> _Problem description_
Here are some entries; quote each one exactly.

> _Provided data_

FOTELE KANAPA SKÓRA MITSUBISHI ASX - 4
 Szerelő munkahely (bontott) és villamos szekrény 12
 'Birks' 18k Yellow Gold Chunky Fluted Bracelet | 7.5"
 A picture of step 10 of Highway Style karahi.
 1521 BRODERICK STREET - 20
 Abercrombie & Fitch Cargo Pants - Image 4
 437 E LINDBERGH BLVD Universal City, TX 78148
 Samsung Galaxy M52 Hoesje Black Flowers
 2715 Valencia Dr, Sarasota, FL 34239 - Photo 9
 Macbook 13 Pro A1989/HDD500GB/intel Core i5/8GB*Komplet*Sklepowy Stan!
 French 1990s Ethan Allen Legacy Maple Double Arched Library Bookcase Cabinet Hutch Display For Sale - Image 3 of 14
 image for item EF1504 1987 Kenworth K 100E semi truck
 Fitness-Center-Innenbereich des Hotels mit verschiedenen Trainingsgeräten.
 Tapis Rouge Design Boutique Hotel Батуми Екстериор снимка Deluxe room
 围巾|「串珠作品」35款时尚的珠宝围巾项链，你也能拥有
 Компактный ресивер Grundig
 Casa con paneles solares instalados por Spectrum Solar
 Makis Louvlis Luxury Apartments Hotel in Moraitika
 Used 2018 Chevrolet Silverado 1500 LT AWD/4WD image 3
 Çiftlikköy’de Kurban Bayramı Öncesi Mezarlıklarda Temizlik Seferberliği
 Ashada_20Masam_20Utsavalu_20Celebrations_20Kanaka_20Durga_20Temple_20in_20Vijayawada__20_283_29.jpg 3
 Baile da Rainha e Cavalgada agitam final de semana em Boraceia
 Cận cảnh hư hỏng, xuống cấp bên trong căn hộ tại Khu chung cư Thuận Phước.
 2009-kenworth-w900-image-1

> _Answer space_
FOTELE KANAPA SKÓRA MITSUBISHI ASX - 4
 Szerelő munkahely (bontott) és villamos szekrény 12
 'Birks' 18k Yellow Gold Chunky Fluted Bracelet | 7.5"
 A picture of step 10 of Highway Style karahi.
 1521 BRODERICK STREET - 20
 Abercrombie & Fitch Cargo Pants - Image 4
 437 E LINDBERGH BLVD Universal City, TX 78148
 Samsung Galaxy M52 Hoesje Black Flowers
 2715 Valencia Dr, Sarasota, FL 34239 - Photo 9
 Macbook 13 Pro A1989/HDD500GB/intel Core i5/8GB*Komplet*Sklepowy Stan!
 French 1990s Ethan Allen Legacy Maple Double Arched Library Bookcase Cabinet Hutch Display For Sale - Image 3 of 14
 image for item EF1504 1987 Kenworth K 100E semi truck
 Fitness-Center-Innenbereich des Hotels mit verschiedenen Trainingsgeräten.
 Tapis Rouge Design Boutique Hotel Батуми Екстериор снимка Deluxe room
 围巾|「串珠作品」35款时尚的珠宝围巾项链，你也能拥有
 Компактный ресивер Grundig
 Casa con paneles solares instalados por Spectrum Solar
 Makis Louvlis Luxury Apartments Hotel in Moraitika
 Used 2018 Chevrolet Silverado 1500 LT AWD/4WD image 3
 Çiftlikköy’de Kurban Bayramı Öncesi Mezarlıklarda Temizlik Seferberliği
 Ashada_20Masam_20Utsavalu_20Celebrations_20Kanaka_20Durga_20Temple_20in_20Vijayawada__20_283_29.jpg 3
 Baile da Rainha e Cavalgada agitam final de semana em Boraceia
 Cận cảnh hư hỏng, xuống cấp bên trong căn hộ tại Khu chung cư Thuận Phước.
 2009-kenworth-w900-image-1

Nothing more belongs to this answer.